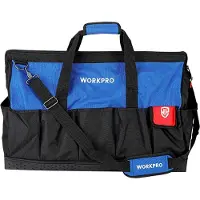 Workpro 21412 Verktygsväska
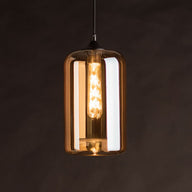 Solaris Amber Cam Sarkıt Lamba-Avize-livingstore-NowShopFun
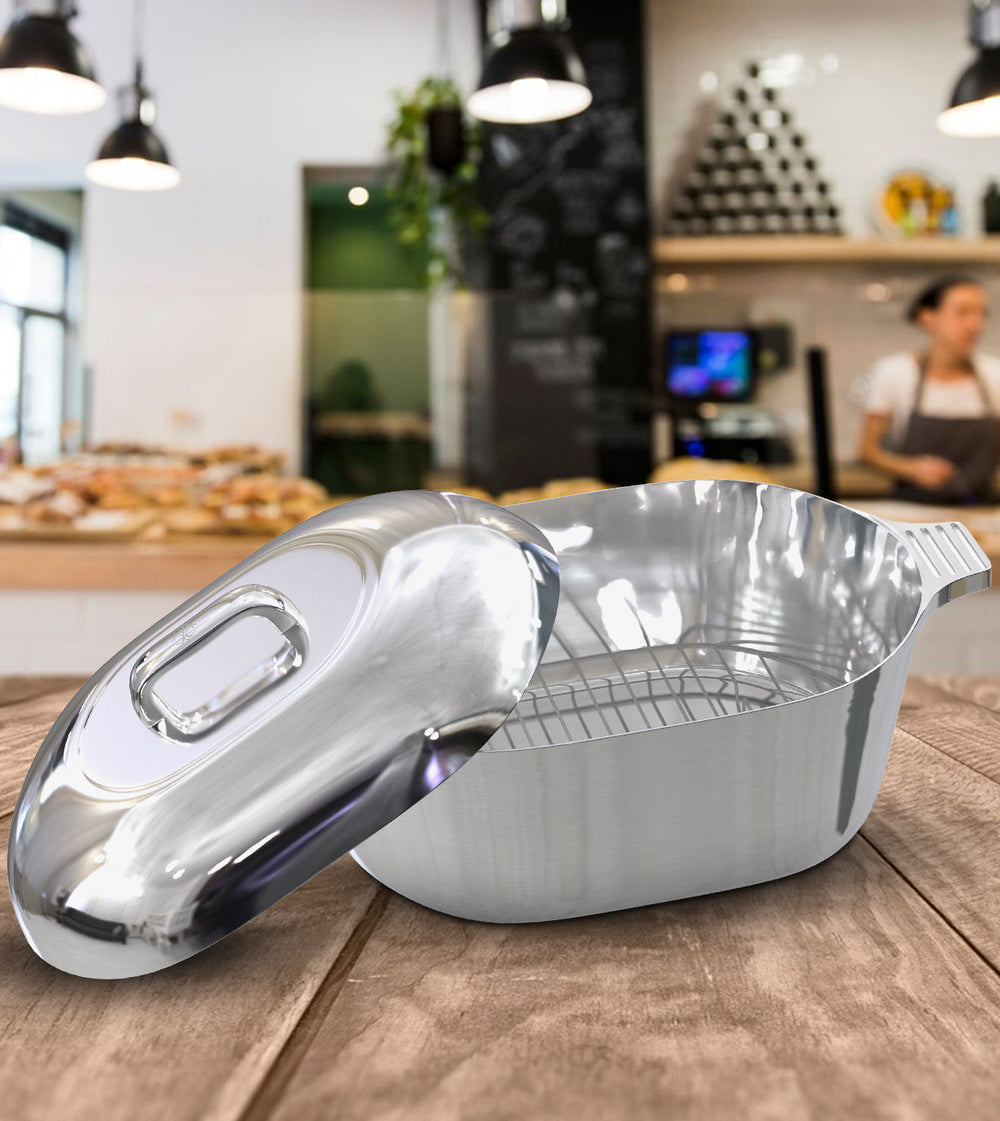 Cookware & Accessories
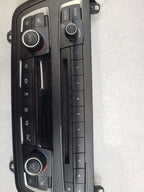Temperature Control Digital Display With Heated Seat Fits 16-20 BMW M2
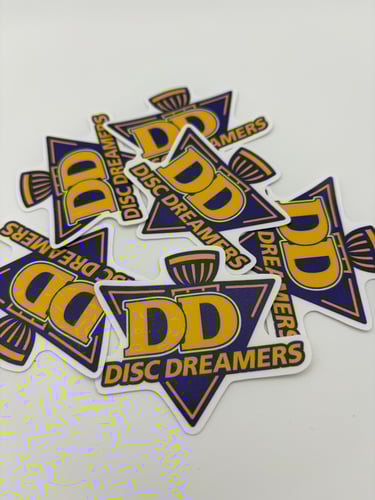 Disc Dreamers LLC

────────────────

PROBLEM TO SOLVE
Each line above should be written out again unchanged; no images are to be carried over.

WRITTEN REPLY
 Workpro 21412 Verktygsväska
 Solaris Amber Cam Sarkıt Lamba-Avize-livingstore-NowShopFun
 Cookware & Accessories
Temperature Control Digital Display With Heated Seat Fits 16-20 BMW M2
 Disc Dreamers LLC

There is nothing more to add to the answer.